私が来るのを、待ってくれているのだろうか。
「シアはどうなったんですか? ルーチェは?」
「死んだ」
間髪入れずにそれだけの言葉が返ってきた。
「ルーチェも?」
「ああ。ルーチェがそれを望んだからな」
「……そうですか」
結局、ルーチェが何を思っていたのかはよく分からなかった。
私に素直について来てセスを助けてくれたのに、何故シアの後を追うように逝ってしまったのだろうか。
しかしそれをヨハンが容認したとは……ヨハンらしくないように思う。いや、私がヨハンの何を知っているというのだ。
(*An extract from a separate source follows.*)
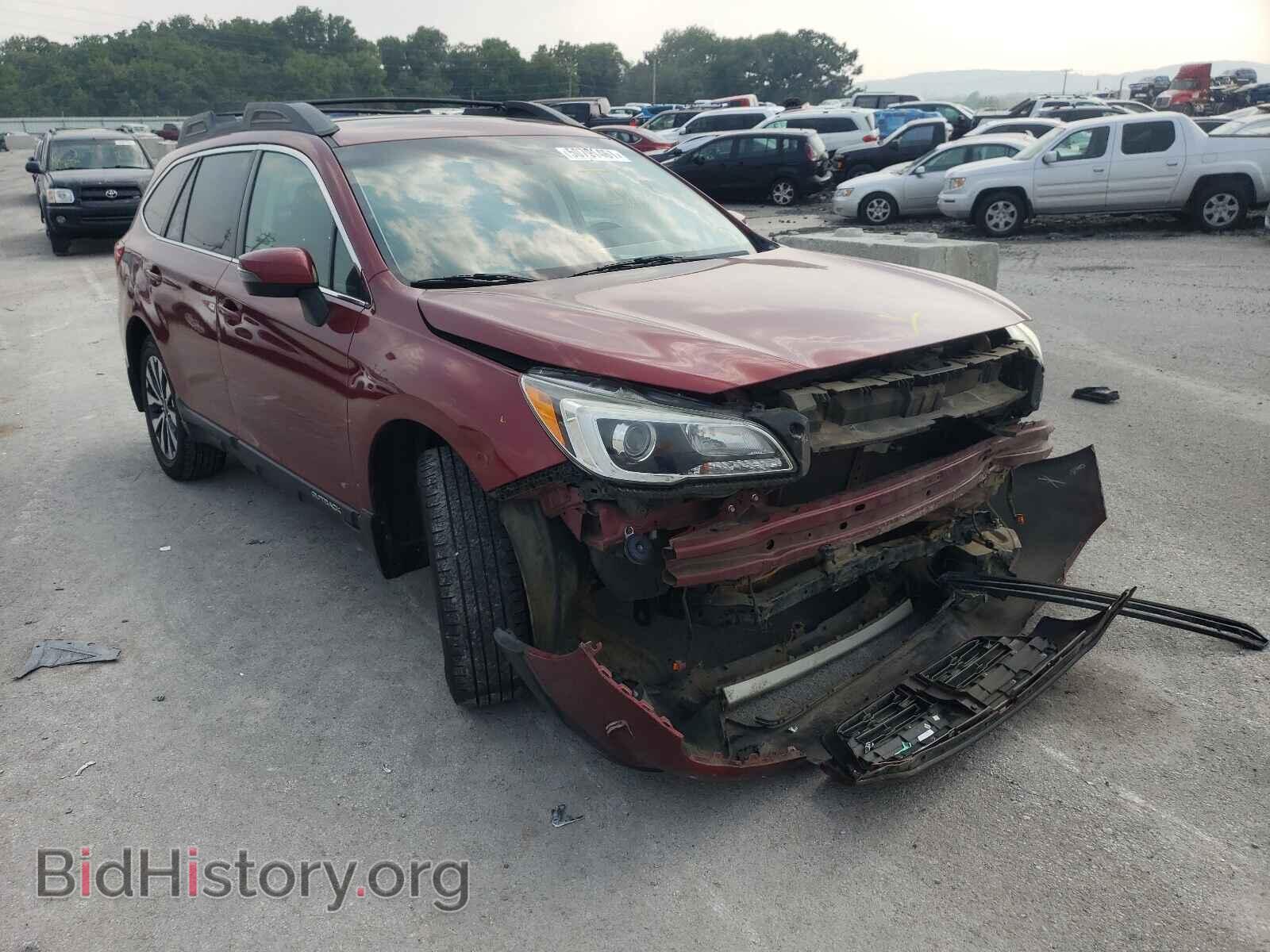 Фотография 4S4BSBLC7F3202129 - SUBARU OUTBACK 2015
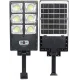 Вуличний ліхтар 180 LED на пульті із сонячною панеллю та датчиком руху W789A-3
「お前がシアに連れ去られた後、ルーチェは1人でここに戻ってきてお前を助けてほしいと懇願した。あの時ルーチェがここに来なかったら、おそらく今とは違う結末を迎えただろう」
ヨハンの言葉に、だからセスがルーチェを人質に取っていたのだと理解した。
助けに来てほしいとここにやってきたルーチェをセスが利用したのだろう。
「どうしてルーチェがそんなことを……?」
「さぁな。俺も疑問に思ってその意図を聞いてはみたが、答えは返ってこなかった。あいつもあいつなりに、シアの歪んだ心を何とかしたいと思ってたのかもな……」
「……なるほど」
歪んだ心。
そうだな。歪んでいた。シアだけではなく、誰も彼もが。
私も、今目の前にいる、彼さえも。
「……行ってきます」
「お前、俺に何か言いたいことがあるんじゃねぇのか?」
ヨハンの脇をすり抜けて扉へ向かった私の背に、ヨハンが問いかけた。
ヨハンに対して思うことはもちろんある。
しかし彼の行動には、彼なりの意図があったのだろう。今になって思えば理解できなくもない気がした。
それを、私が望んでいたかは別として。
「――――助けてくれてありがとうございました」
振り返ってそう告げた私を、ヨハンは苦しげな表情で見つめていた。